**Work instruction**
Set down every line of the data exactly, skipping the pictures.

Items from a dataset
---

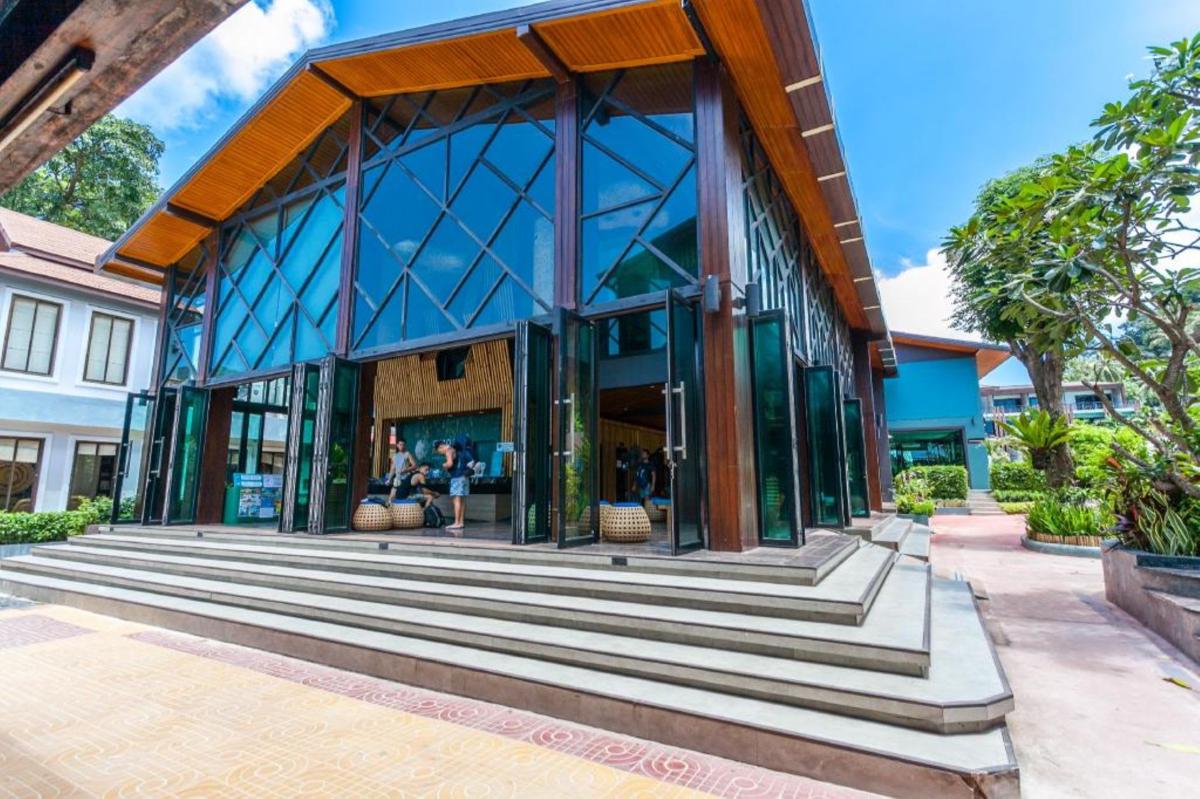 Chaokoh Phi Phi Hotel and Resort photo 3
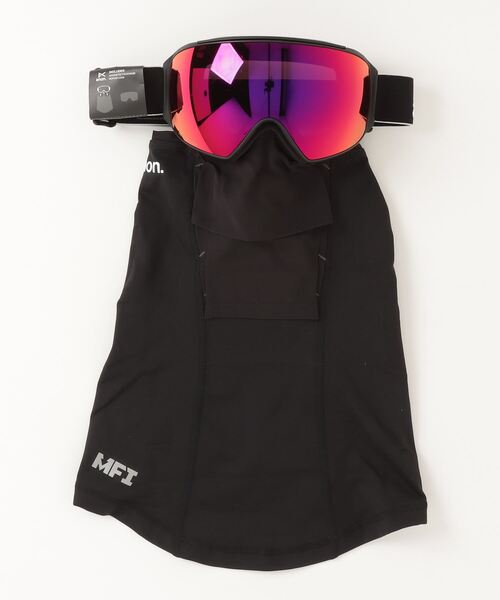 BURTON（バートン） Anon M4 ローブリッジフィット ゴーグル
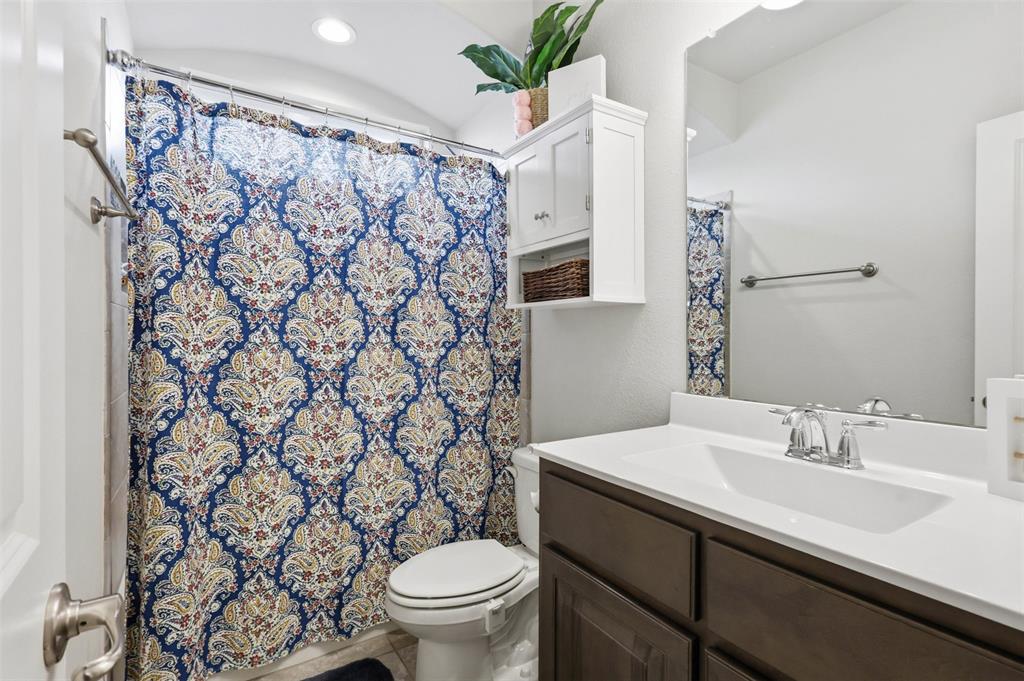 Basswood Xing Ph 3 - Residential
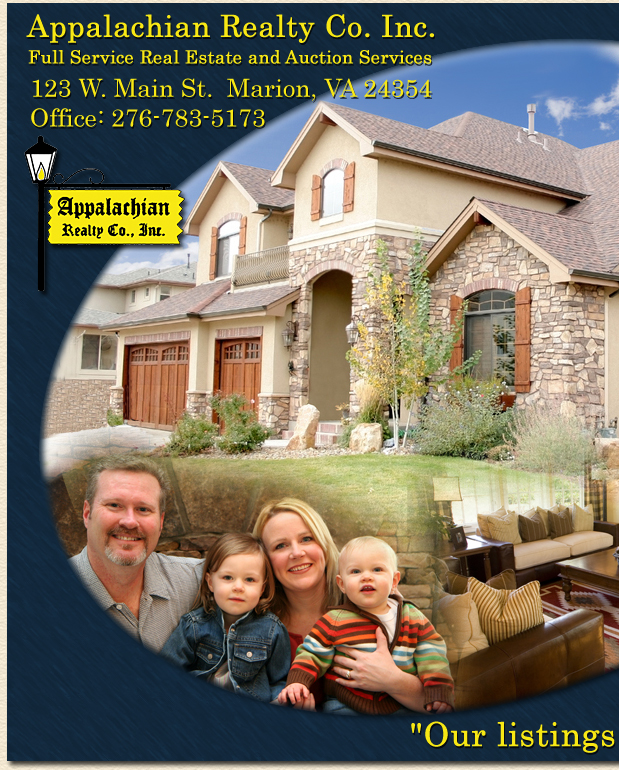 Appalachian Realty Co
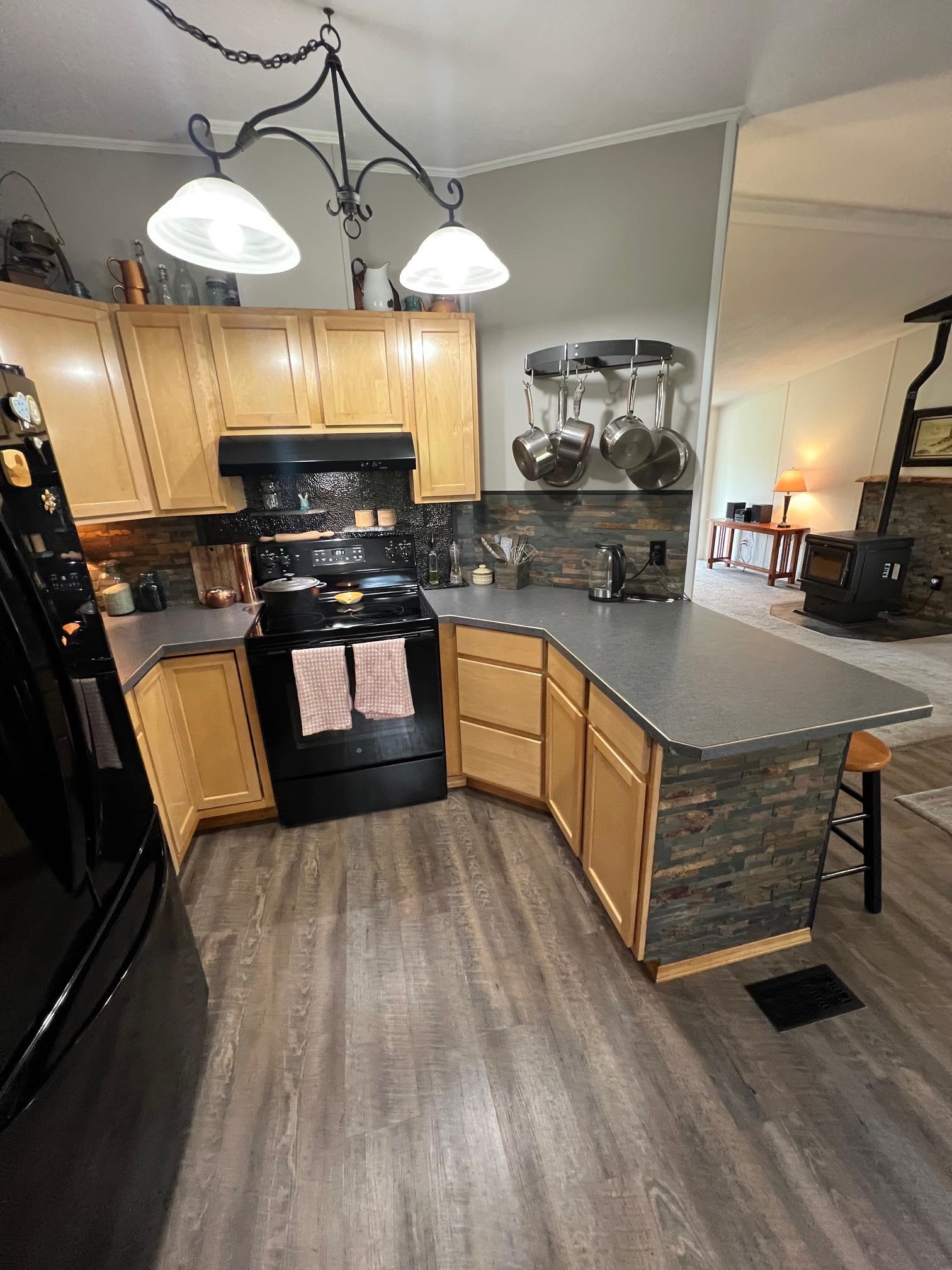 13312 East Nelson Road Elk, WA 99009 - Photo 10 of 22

---

**Solution for this problem**
 Chaokoh Phi Phi Hotel and Resort photo 3
 BURTON（バートン） Anon M4 ローブリッジフィット ゴーグル
 Basswood Xing Ph 3 - Residential
 Appalachian Realty Co
 13312 East Nelson Road Elk, WA 99009 - Photo 10 of 22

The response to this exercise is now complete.